- _Instructions for the task_: This exercise asks for every line of the material that contains the word "Rock".

- _Records to use_:
>>>>>
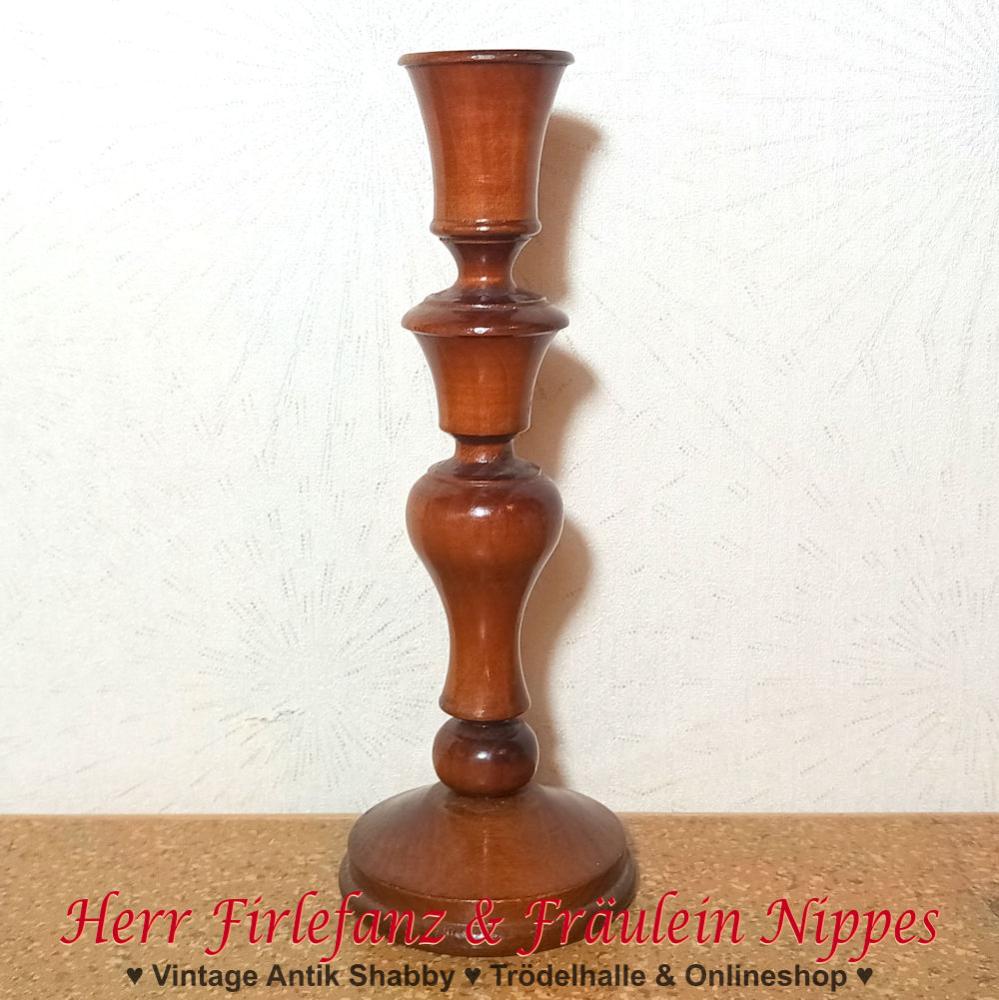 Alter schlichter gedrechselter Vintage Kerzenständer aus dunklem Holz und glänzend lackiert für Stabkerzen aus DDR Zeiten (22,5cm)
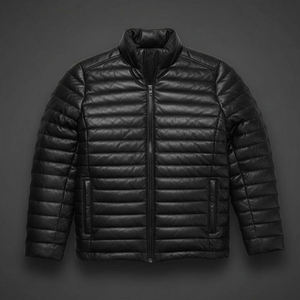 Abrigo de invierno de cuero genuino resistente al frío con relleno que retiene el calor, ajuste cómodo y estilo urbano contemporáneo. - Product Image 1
<<<<<
>>>>>
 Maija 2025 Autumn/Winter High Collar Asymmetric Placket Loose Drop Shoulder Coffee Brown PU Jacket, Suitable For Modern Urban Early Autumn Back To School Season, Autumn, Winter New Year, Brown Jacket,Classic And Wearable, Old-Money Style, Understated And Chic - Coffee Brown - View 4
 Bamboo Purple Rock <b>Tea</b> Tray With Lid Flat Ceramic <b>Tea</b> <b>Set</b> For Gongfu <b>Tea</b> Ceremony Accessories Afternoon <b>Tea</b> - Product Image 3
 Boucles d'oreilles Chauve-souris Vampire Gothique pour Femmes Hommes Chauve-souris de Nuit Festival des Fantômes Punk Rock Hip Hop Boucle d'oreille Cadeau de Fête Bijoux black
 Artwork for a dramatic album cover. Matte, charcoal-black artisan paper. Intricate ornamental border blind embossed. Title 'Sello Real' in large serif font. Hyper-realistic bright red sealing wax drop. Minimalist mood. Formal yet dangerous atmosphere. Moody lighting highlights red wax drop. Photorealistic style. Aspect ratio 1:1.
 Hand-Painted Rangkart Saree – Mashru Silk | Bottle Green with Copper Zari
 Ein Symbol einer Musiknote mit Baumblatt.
<<<<<
- _Exercise solution_:
 Bamboo Purple Rock <b>Tea</b> Tray With Lid Flat Ceramic <b>Tea</b> <b>Set</b> For Gongfu <b>Tea</b> Ceremony Accessories Afternoon <b>Tea</b> - Product Image 3
 Boucles d'oreilles Chauve-souris Vampire Gothique pour Femmes Hommes Chauve-souris de Nuit Festival des Fantômes Punk Rock Hip Hop Boucle d'oreille Cadeau de Fête Bijoux black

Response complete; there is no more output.